>>>

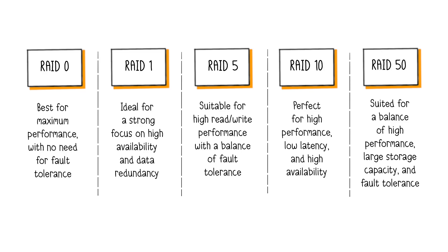RAID 10 is perfect for applications demanding high performance, low latency, and high availability, such as transaction-heavy databases. It's the most costly option in terms of storage efficiency.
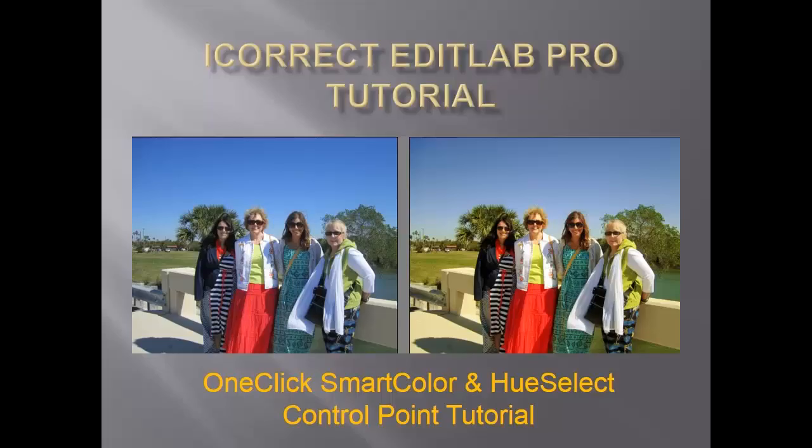This tutorial demonstrates how iCorrect EditLab Pro's one-click SmartColor and Hue Select control point technologies work together to quickly and easily edit colors for professional results.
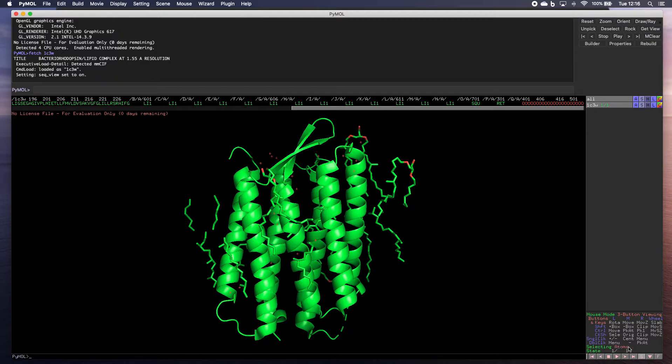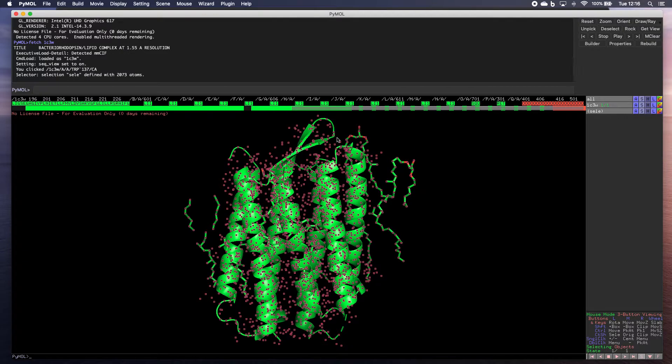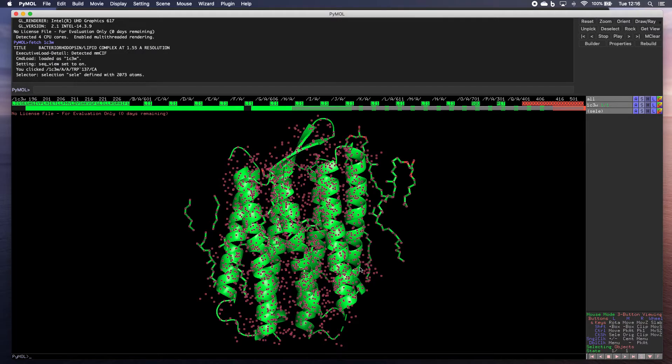So for example, if I click on objects, click on something here, everything gets selected. Because this, as far as Pymol is concerned, is one object.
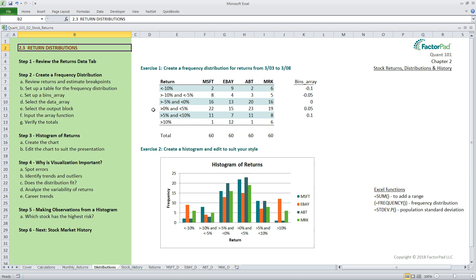We have all 60 returns for each company placed into one of six bins or buckets. The number shows the count of returns in each bin. The first bin starts with negative returns below minus 10%. The sixth bin has positive returns above 10%. So Microsoft had eight monthly returns of between minus 5 and minus 10%. In 12 months, eBay provided a return of greater than 10% for this historical period.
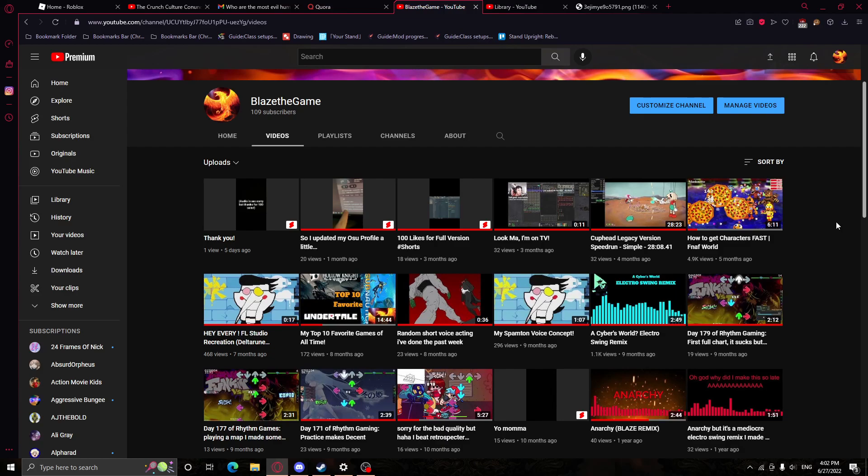Once I reach 1,000 subscribers, I will make a Q&A. So, thanks so much for 109 subscribers again. Sorry, this is just me rambling. Have a good day.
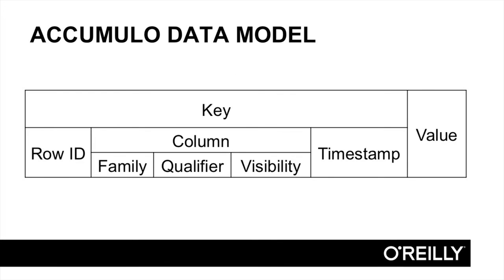Now we have the complete Accumulo data model. Application designers have a lot of flexibility in terms of how they map application data to this model, and this will determine the order that application data is laid out on disk. We'll discuss considerations and options for mapping data to this model in coming lessons.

<<<

- _ACTIVITY_: All of the entries above need to be transcribed exactly, except for the pictures.

- _THE ANSWER_:
RAID 10 is perfect for applications demanding high performance, low latency, and high availability, such as transaction-heavy databases. It's the most costly option in terms of storage efficiency.
This tutorial demonstrates how iCorrect EditLab Pro's one-click SmartColor and Hue Select control point technologies work together to quickly and easily edit colors for professional results.
So for example, if I click on objects, click on something here, everything gets selected. Because this, as far as Pymol is concerned, is one object.
We have all 60 returns for each company placed into one of six bins or buckets. The number shows the count of returns in each bin. The first bin starts with negative returns below minus 10%. The sixth bin has positive returns above 10%. So Microsoft had eight monthly returns of between minus 5 and minus 10%. In 12 months, eBay provided a return of greater than 10% for this historical period.
Once I reach 1,000 subscribers, I will make a Q&A. So, thanks so much for 109 subscribers again. Sorry, this is just me rambling. Have a good day.
Now we have the complete Accumulo data model. Application designers have a lot of flexibility in terms of how they map application data to this model, and this will determine the order that application data is laid out on disk. We'll discuss considerations and options for mapping data to this model in coming lessons.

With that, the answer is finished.